Yeah, absolutely. When you’re making the film, you’re trying to steer away from anything that exists already and trying to make it original and different. Yes, those (Ghibli) films, then the Disney films growing up, and even films like “Mr. Smith Goes to Washington” and “It’s a Wonderful Life,” those were the influences. That and a film called “The Station Agent,” written and directed by Tom McCarthy, who ended up writing on this one.

What about the “Lost World” stuff? Did you watch old serials and adventures?

Yeah, we watched “Lost Horizon,” where it is Shangri-la out in snow-covered Tibetan mountains. We ended up pulling most of it from our travels down there [in Venezuela], the real-life stuff we saw and experienced is just so fantastic and wild that’s really where the design and even the story ideas came from. They said there’s two types of weather there: It’s either raining or about to rain. And it changes every five minutes.

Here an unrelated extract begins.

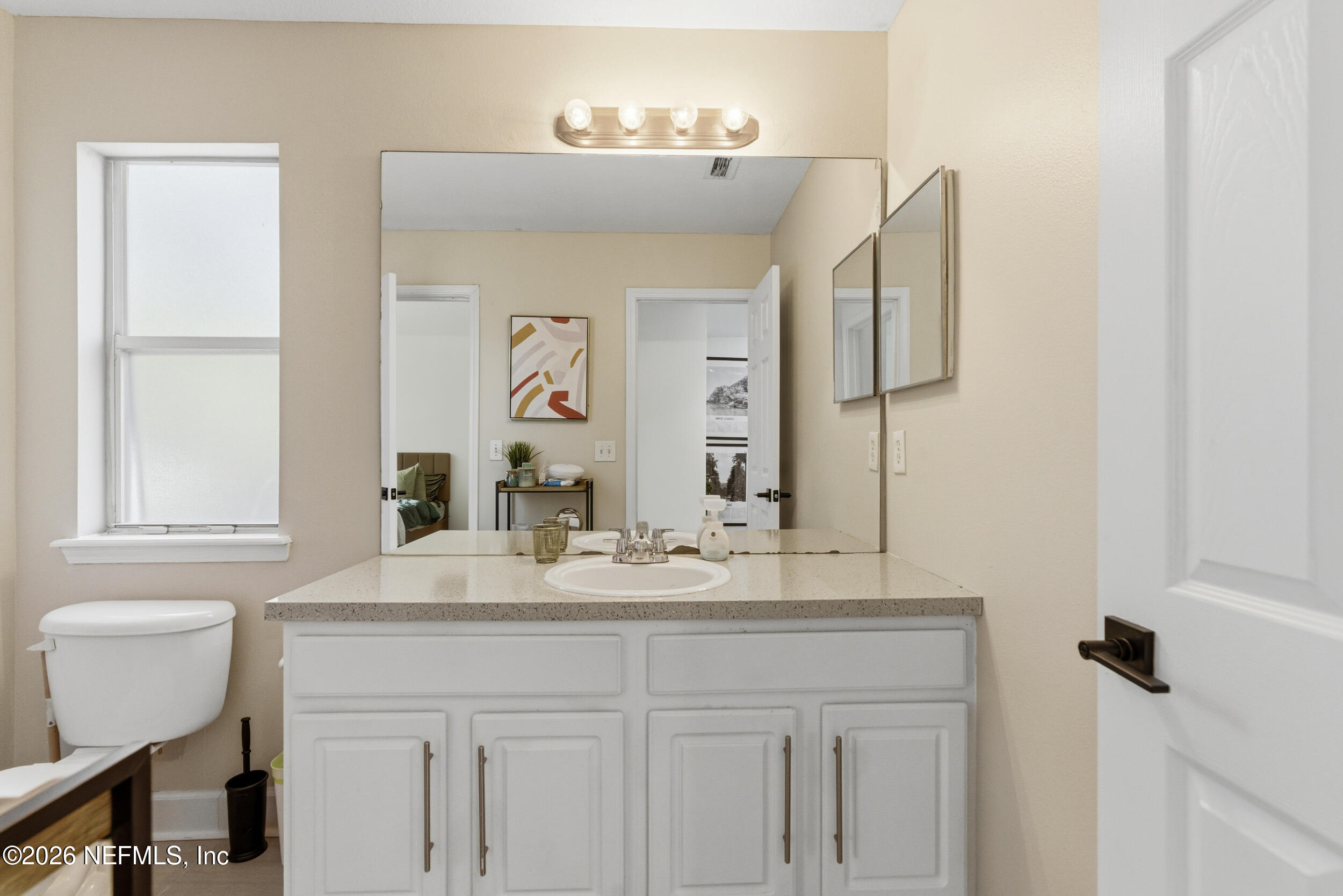 7990 Baymeadows Road, Unit 1801 Jacksonville, FL 32256 - Photo 28 of 48 a bathroom with a sink and a mirror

So a lot of the things, seeing those strange rock shapes emerging out of the mist we had (in the film), those were pulled right out of the experiences we had up there.

There’s a real economy of story in “Up.” Other storytellers would have given Carl’s balloon house creation more lead time, but you go right into it. Is that from editing meetings or just the way you helped write it?

There’s a lot of discussion when we show the film, which is part of the process here at Pixar. We edit the whole thing together as a story reel. It’s drawings, so it’s relatively cheap compared to a production coming up, and that way we can get a sense for the film and how it’s gonna play, and we bring all of the directors, from John Lassiter, Andrew Stanton, Brad Bird and everybody who’s working on other stuff, drag them in and make them watch the movie. Then we sit around and have discussions. There was a lot of talk about “gee, (the balloons) come out of nowhere,” we need to set it up. But there’s a good element of being ahead of the audience and a surprise there that adds to, it’s sappy to say but the magic, the ethereal experience you have as you’re floating through this city. I felt like that was necessary. There was something about the surprise of that and the movement from potential loss, right into escape, that felt like where we needed to go.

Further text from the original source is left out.